B.C.’s new Limitation Act now in effect

Limitation periods put a cap on the length of time people have to sue
Monday, July 8, 2013
By Bill Veenstra

British Columbia’s new Limitation Act came into effect June 1. It follows a national trend toward much shorter limitation periods for legal claims, which are intended to encourage people to act on their legal problems quickly and to prevent stale-dated claims. Alberta was the first Canadian province to move to a “modern” statute in 2000; Ontario, Saskatchewan and New Brunswick have since followed suit.

The biggest change is that there is now a single limitation period of two years for most claims. The two-year period begins when a claim is (or should have been) discovered. Under the old regime, most claims for debt or breach of contract were subject to a six-year limitation period; under the new act, such claims must be pursued more quickly. The change is less significant for claims for personal injury or property damage, which were already subject to a two-year limitation.

The new act also shortens the “ultimate” limitation period – the period of time after which a claim is extinguished even if it is not discovered. The new ultimate limitation is 15 years from the date of the act or omission giving rise to a claim, reduced from the former 30 years from the date on which a cause of action is complete (which, in many cases, was the date when damage occurred).

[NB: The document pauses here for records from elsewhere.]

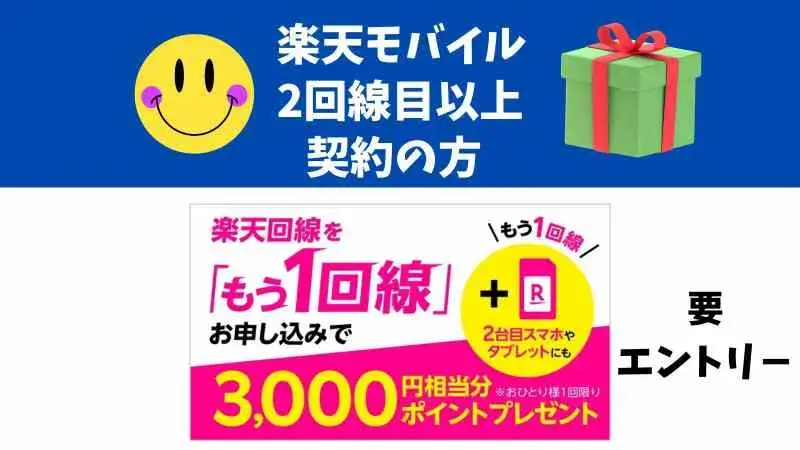 楽天モバイルもう1回線追加お申し込みで3,000ポイントプレゼントキャンペーン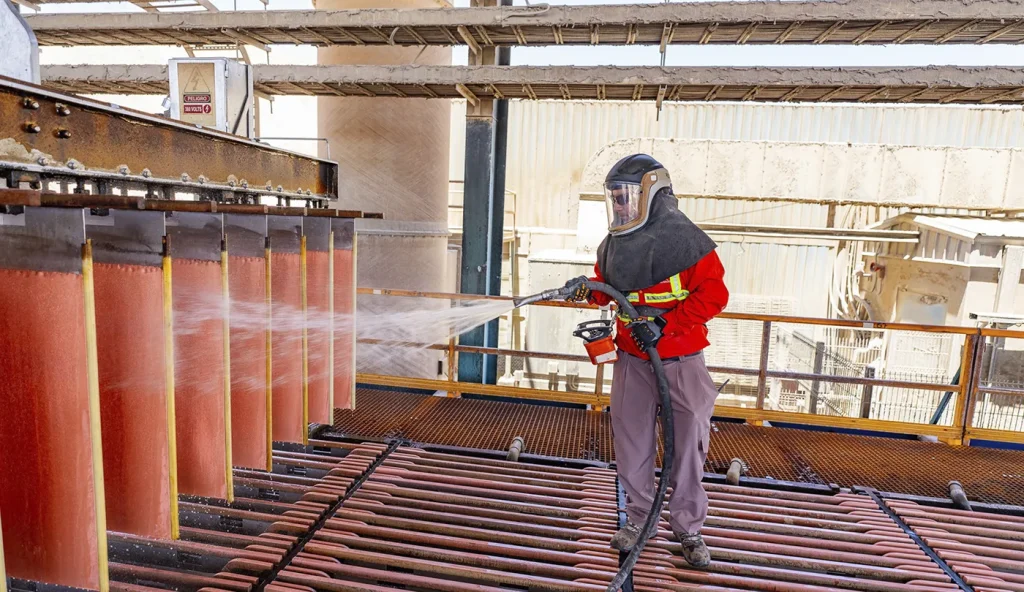 Planta de hidrometalurgia de cobre en el norte de Chile utilizando ácido sulfúrico.
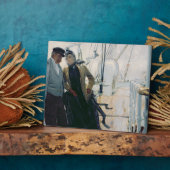 Plaque Photo Sur le pont (huile sur toile) (Côté)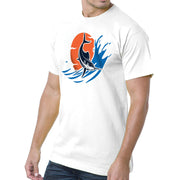 Marlin Fish Logo Embroidered Made In USA Heavy Weight Crew T-Shirt - White S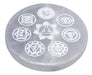 Plaque Sélénite Bouddha 7 Chakras 10cm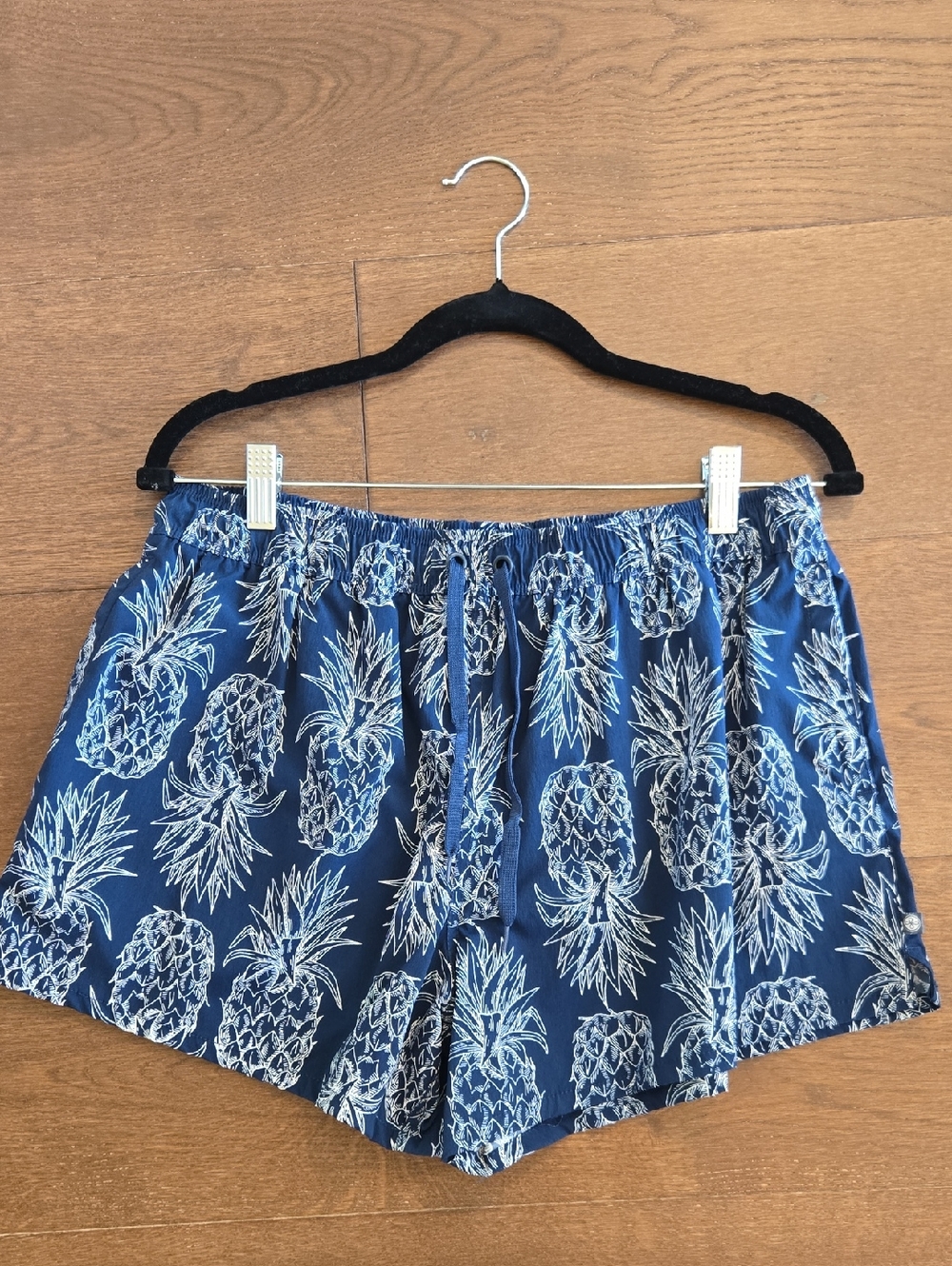 Lauren James Navy Pineapple Drawstring Athletic Shorts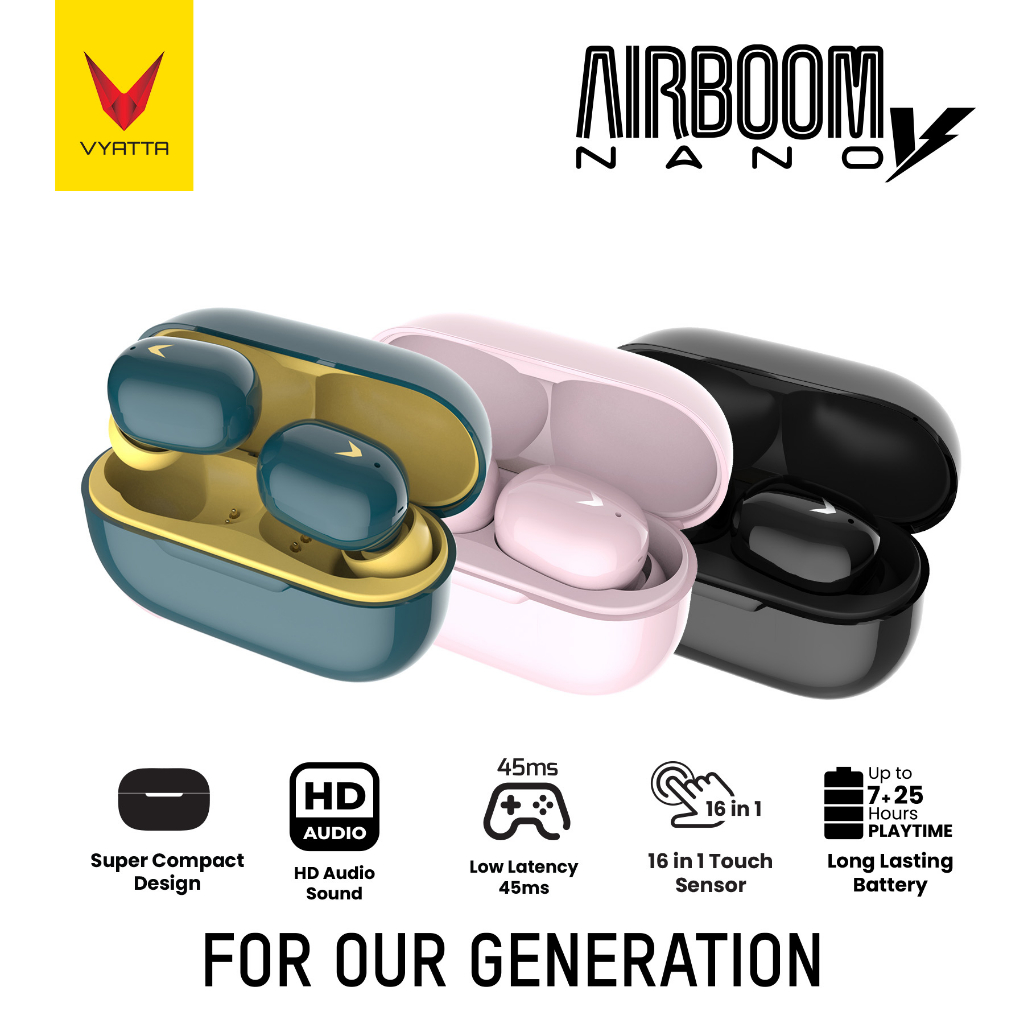 VYATTA AIRBOOM NANO V TWS BLUETOOTH HEADSET EARPHONE HD SOUND GAMING MODE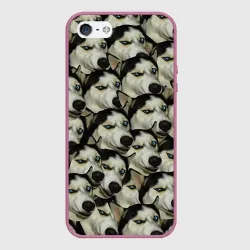 Чехол для iPhone 5/5S матовый Хаски хитрый паттерн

These changes will have some benefits to those in the construction industry. Numerous claims for deficient building construction – of which leaky condo cases are a well-known example – were brought many years after building construction occurred. Defendants in such cases would face difficulties arising from missing witnesses, lost documents and partial or non-existent insurance coverage.

At the same time, the changes will require new attitudes to advancing claims for compensation. No longer can parties engage in protracted pre-litigation negotiations or give long-term extensions of time to pay. Even waiting until the end of a construction project to resolve claims may lead to risks if the project duration approaches the two-year mark. For many in the construction industry, litigation and the costs inherent in it have been a course of last resort. Under the new regime, businesses may have to get used to suing first and asking questions later.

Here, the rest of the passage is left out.